I have seen a number of teams warp a software solution completely out of shape without asking themselves whether they should change their ways of working to better suit the software. It is highly likely that the software vendors understand the problem space better than you and have created a tool that deals with the majority of typical usage scenarios so why are you different, why are you not typical?

Standardise where possible

Standardise in this context means using the selected product across teams, business units and even organisations. This means you get the benefits of scale. Lessons learnt by one team can be shared by others. A standard solution also means that operating costs are likely reduced and there are only one set of administrators and one set of hosting costs.

This also may mean you don’t get to choose. The software might already be available so this is the default choice.

However, many organisations miss the next part. This is that choice still exists if the product really does not work in a given situation. Unfortunately, the lure of cost saving and efficiencies drown out the small teams who are greatly hindered when forced to use the wrong tool for the job.

Having a standardised solution is not the end – it is the beginning. The usage of the software needs to be continuously reviewed to see if it is still the right solution. The product needs to be upgraded and patched and there should always be an eye on the other solutions in the problem space. An alternative product that was previously discounted may now be a better fit.

Accept the choice

And finally, if the choice doesn’t go your way you need to accept it. You need to get behind the choice and make it work for you and your team. As technologists, there are always going to be better choices. It is often a case of the “grass is always greener”. And maybe you’re right this time but maybe you’re not. It is all too easy to fall into a trap, where you believe that a tool will solve all problems. Usually what happens is that the tooling will be switched only to find that you have all the same sort of problems. It wasn’t the tooling that was the solution after all.
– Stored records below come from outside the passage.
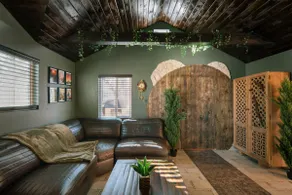 Prescott's Downtown Hobbit House - Image 4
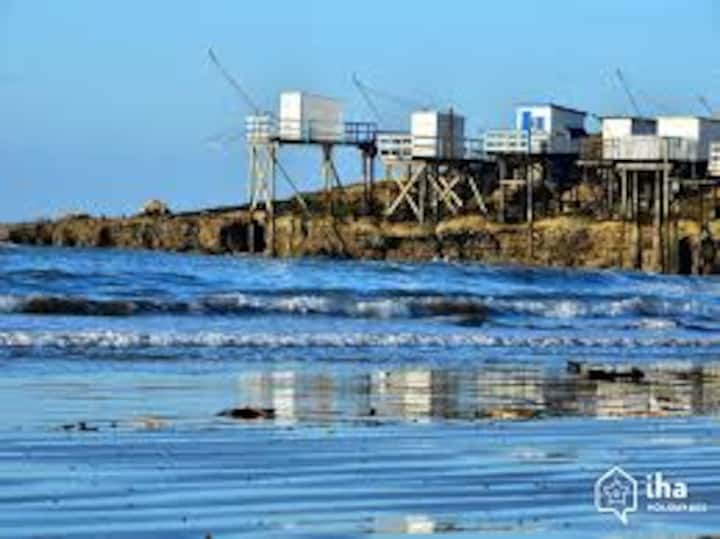 SEA VIEW STUDIO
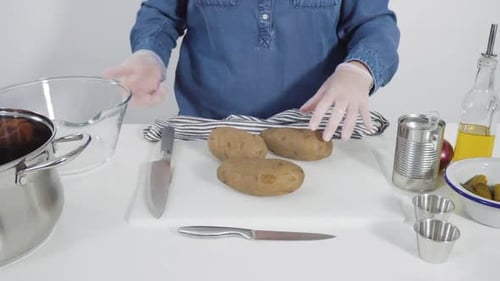 Schritt für Schritt Kekse und Gemüse auf einem weißen Schneidebrett für Vinaigrette-Salat schneiden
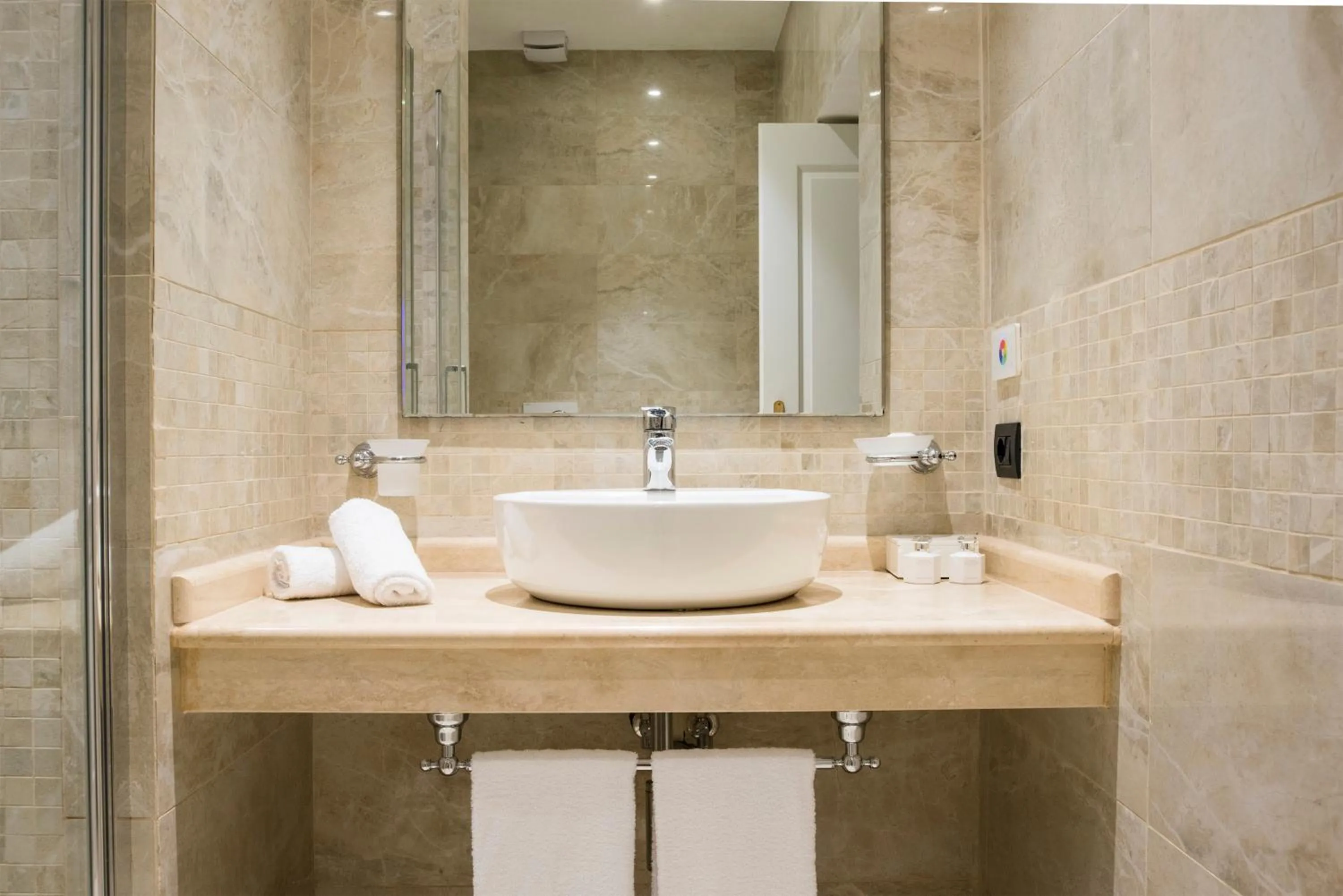 Bathroom in Via Veneto Suites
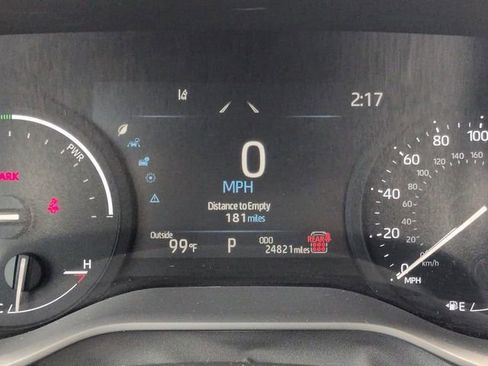 Certified 2025 Toyota Sienna LE FWD image 25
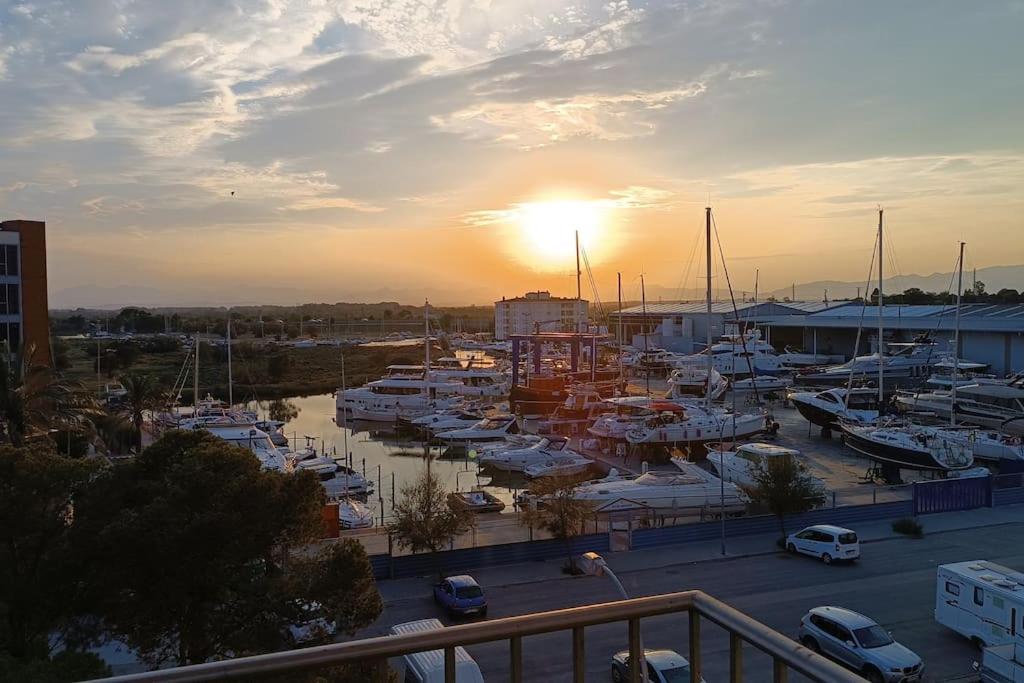 Estudio con vistas, Roses, Roses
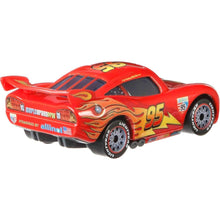 Cargar imagen en el visor de la galería, Rayo McQueen con llantas de carreras Cars
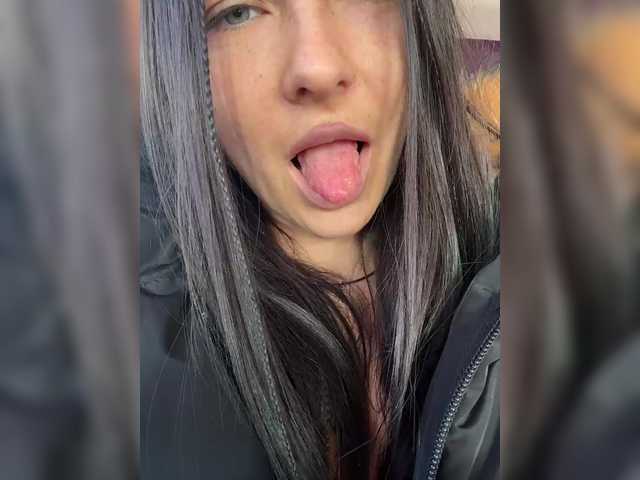 Entra en el chat con el modelo GAVKA_ GAVKA_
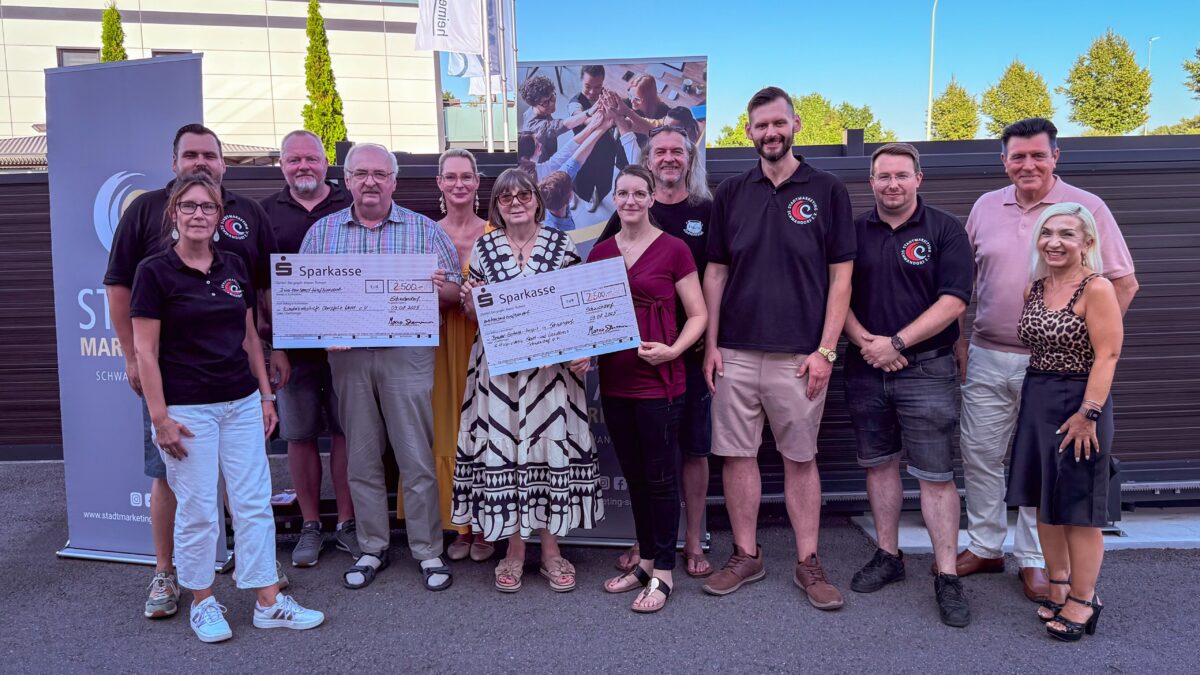 Stadtmarketing Schwandorf e. V. feiert 5.000 Euro für den guten Zweck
In my experience the problem usually lies with people before it does with software. If your people can’t solve your problems, then you should not assume that software will.

Unhelpful helpers

Unhelpful helpers

In small organisations, everything is managed by a small group of people. There is no infrastructure team, nor is there a release manager. If you expect a project management office, forget it and the support team can consist of just one person. Essentially everyone can do anything and as software gets more complex these sorts of teams cannot be blamed for looking for short cuts.

When it comes to Azure it is not realistic to expect everyone to know all the details about all the services. Microsoft realise this because they are sprinkling things like helpers and advisers all over it. The one that has got my attention recently is the Azure SQL Adviser.

I have been using Azure SQL for a while now and the on the whole it just works. It looks and feels like any other SQL Server database but it just so happens that it is a running in the Cloud and some of the stuff we used to worry about such as backups and patching are now Microsoft’s problem. Even so, running and tuning a database is still complex and is a specialised skill, so a small general purpose team is thankful of any assistance they can get.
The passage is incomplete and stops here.